Sunday, December 26, 2004

King of the Trail Racers (Half Moon Bay Review)

The folks at the Half Moon Bay Review wrote this nice article on me. Thanks, Mark!

King of the Trail Racers

By Mark Foyer, Half Moon Bay Review, Wednesday, Dec. 22, 2004

In a few years, Scott Dunlap went from the rat race to the trail race. In doing so, he has become one of the top trail runners in the nation.

He was named by Trail Runner magazine as the overall champion for the "Non Ultra" distance (marathon and shorter) of their 2004 Trailing Running Trophy Series. It's the largest trail running series in North America.

The running he does now is vastly different from the running around he did more than three years ago. Living in Mountain View, he was working for a software marketing company. Life hurtled by at a million miles per hour. In July of 2001, he started to make some changes in his life. He and his wife left Mountain View, to buy a house in Woodside, near Kings Mountain.
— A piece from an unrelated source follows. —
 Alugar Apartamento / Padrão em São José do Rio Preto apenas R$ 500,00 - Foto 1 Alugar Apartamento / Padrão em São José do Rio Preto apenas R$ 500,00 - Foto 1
The break-neck speed slowed considerably.

But it wasn't until he quit his job on Sept. 8, 2001, a few months later that everything changed. If he had remained on the job three days longer, he would have been in New York, where he had scheduled a meeting at the World Trade Centers. The two people he was supposed to meet that morning perished in the day's events. One died in Tower No. 2. The other was killed on United Flight 93, the highjacked plane that crashed in Pennsylvania.
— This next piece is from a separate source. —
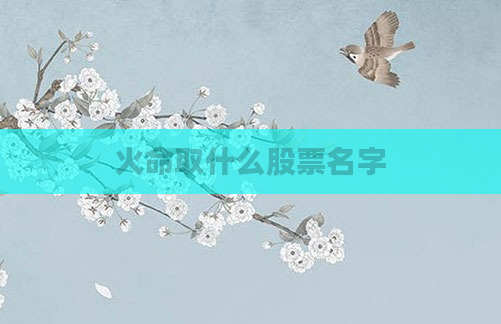 火命取什么股票名字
That day helped change Dunlap's priorities. Instead of running from one interview to another, he would run in the hills and along the trails near his house. Instead of dealing with so many people, he would be running with his dog, a pug named Rocket.
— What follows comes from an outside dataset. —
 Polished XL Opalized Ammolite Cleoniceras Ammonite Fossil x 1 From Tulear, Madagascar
Dunlap had never run before, but it all came very easily. One weekend morning, while out on a leisurely run, Dunlap ran into a group of runners.

"One of them said I run pretty fast and should join them," Dunlap said.

Dunlap didn't have any idea what it meant to run fast. Born in Chicago and raised in Eugene, Ore., Dunlap did not participate in high school sports. Yet, he did well in his first trail race.

"I'm not a runner," Dunlap said. "My dog is not supposed to be a runner either. But we both love to run trails really, really fast."

As Dunlap continued to race, he was starting to make a name for himself. In Colorado, where there are plenty of trails to run on for either fun or races, Dunlap is a minor celebrity in the trail running community.

"They are world class runners, and it's flattering when they buy me drinks," Dunlap said.

The races in Colorado are some of the more difficult races in the country. One race starts at an elevation of 11,800. It goes up 1,000 feet before dropping down 3,000 feet.

"I was dizzy before the race even begun," Dunlap said.

Of course, not all trail runners are impressed with what Dunlap has accomplished. There are some, known as "ultra runners", who run 50-mile and 100-mile races in the mountains. They say running a marathon (26 miles, 385 yards) is just a nice warm up.

"I don't have a concept of what it means to run 50 or 100 miles," Dunlap said, "it's a whole different ballgame at that distance."

Racing has taken him throughout North America. He has run two races in Colorado, as well as in Washington, Oregon, Texas, New York and Maryland. He has also raced in British Columbia.

He's gone back into the software marketing industry. It's almost like it was before he left, but with a change.

"Before when I traveled, I would just see the downtown, the hotel and the airport," Dunlap said. "Now, I spend the weekend visiting the trails also."

While he won the Trophy Series, he didn't actually get a trophy. Instead, he got an array of gear, including clothing and watches.

"It has made Christmas shopping easy this year," Dunlap said.


  1. Is that true? No trophy for the trophy series? Can't you sue them for false advertising? 8-)


  2. I like the local story angle vs the SF Chronicle. Is Half Moon Bay your hometown paper? - JamesR

  3. Hey, Charlie1 -

    Yup, no trophy for the Trophy Series. But to be honest, they never really said that there _would_ be a trophy. I did get a great box of gear as a gift - enough to outfit friends and family.

    I've heard that the Trophy Series will have a much larger prize for next year, although I'm not sure if there will be a trophy. ;oP You can check the Feb '05 issue of Trail Runner Magazine to find out more.